Government funding for childcare in England is being undercut by “damaging” business rate burdens that are pushing nurseries into making a loss, according to an organisation representing the sector.
The average nursery will this year pay £13,267 in business rates — equivalent to 2,878 hours of government funding, or what nurseries receive annually for five children, according to a survey of members of the National Day Nurseries Association revealed.
England’s childcare sector is in crisis, with parents hit by unaffordable fees, nurseries unable to make ends meet, and low-paid staff leaving for higher-paying jobs. The NDNA called on the government to scrap business rates for nurseries as a step towards more sustainable funding.
Nearly two-thirds of nurseries surveyed said that money spent on business rates would otherwise be used to increase staff salaries, while 40 per cent said it would be used to reduce costs for parents.
“Business rates are a huge cost to the sector,” said Karen Simpkin, who runs Sunflower Children’s Centre in Sheffield. She pays £10,600 per year, the equivalent of 2,340 funded hours, in business rates.
“The local authority gives the funding with one hand, and we move it across to the business rates department,” she remarked, adding that nurseries were forced to charge parents more as a result.

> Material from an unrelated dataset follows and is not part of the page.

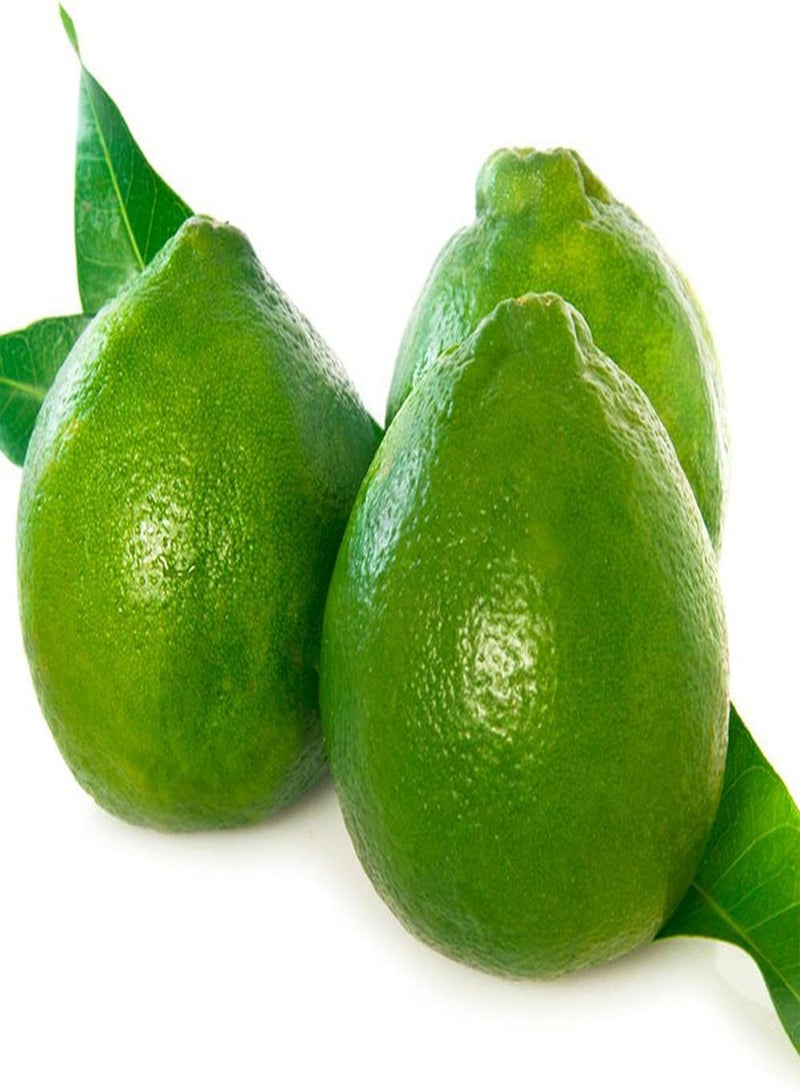 GGOOT 100Pcs Citrus Seeds Special Variety Green Mandarin Orange Perennial Shrubs Decorative Fruit Trees Easy to Plant and Germinate Suitable for Beginners - Image 2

Government figures showed private providers ran 45 per cent of England’s nursery places last year. They are partly funded by government support of a minimum £4.61 per hour per child, for 15 hours a week for every three- and four-year-old, and 30 hours for children with working parents.
The NDNA’s figures, based on responses from a sample of 782 nurseries, suggest the equivalent of universal government funding for five children was being returned to local authorities in business rates.
The taxes are based on the rental value of a company’s property at a rate linked to inflation, but charity childcare providers are given a large discount. During the pandemic, nurseries and other businesses were given relief from rates, while in Scotland and Wales nurseries are exempt.
Purnima Tanuku, NDNA’s chief executive, called business rates “an unfair tax” that had a “damaging impact”.
“During a cost of living crisis it makes no sense to hit struggling nurseries with more than £13,000 per setting of extra costs that push businesses into making a loss,” she said. “Abolishing business rates for nurseries could mitigate rising fees for parents, increase pay for staff and just make them a little more sustainable.”
Neil Leitch, chief executive of the Early Years Alliance, another sector body, said removing business rates was not a “silver bullet” but would give stretched providers “much needed breathing space”.
Although local authorities administer business rates, the Local Government Association said most reliefs were decided by central government.
“Councils could do much more to support small businesses with the freedom and finance to set business rates and reliefs locally,” it said.
The Treasury said it recognised rising costs but its priority was to “bring down inflation”. It said its business rates review had led to almost £7bn in support to reduce the burden of rates over the next five years.
“We have already committed to improving parents’ access to affordable, flexible childcare and are currently exploring a wide range of options to do this,” it said.